Sebastian slowly retracted his fingers one by one. Clad in yellow rings of potato starch and sunflower oil, he jazzed his fingers at them, wiggled them suggestively, playfully even.
One-by-one he ate them straight from the knuckle, licked the speckles of seasoning right off the skin. He stopped short of sucking his fingers clean, not wanting to come across perverted.
Graham looked at him properly.
‘Who are you?’
‘Sebastian, by the way.’
‘No.

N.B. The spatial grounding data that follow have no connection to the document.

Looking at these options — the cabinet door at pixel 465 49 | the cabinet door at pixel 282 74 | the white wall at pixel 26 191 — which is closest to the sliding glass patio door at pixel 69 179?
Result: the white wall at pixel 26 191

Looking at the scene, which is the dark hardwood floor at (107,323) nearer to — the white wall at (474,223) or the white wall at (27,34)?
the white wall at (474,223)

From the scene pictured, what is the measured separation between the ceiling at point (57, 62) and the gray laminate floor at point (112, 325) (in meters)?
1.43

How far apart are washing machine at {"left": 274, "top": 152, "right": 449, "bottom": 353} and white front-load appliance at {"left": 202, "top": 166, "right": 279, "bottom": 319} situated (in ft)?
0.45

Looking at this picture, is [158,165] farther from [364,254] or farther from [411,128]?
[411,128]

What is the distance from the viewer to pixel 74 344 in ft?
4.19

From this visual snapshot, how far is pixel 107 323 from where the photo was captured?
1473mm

What are you?’
Sebastian dabbed at his lips with perforated sincerity.
Sebastian ate bullshit, because he was the Auditor.
And he liked Hula Hoops too, barbecue flavour, of course.
Around them, the room altered by fractions.
A man near the buffet admitted his yacht belonged to his brother-in-law.
Another conceded he had not almost gone professional.
Somebody by the windows confessed that nobody had called him a visionary, not in those words, not even close.
The air improved.
But the world remained full of bullshit.
Business tomorrow looked promising.
Oh, what a shame what happened next.
The Pantheon of Pedantry’s time was coming to an end.
By Louis Urbanowski
A story idea I’ve had for a long time. Every annoyance, irritation and irksome thing about life is because of the Pantheon of Pedantry. The problem is while life without all of this crap sounds pleasant, perhaps we best be careful what we wish for.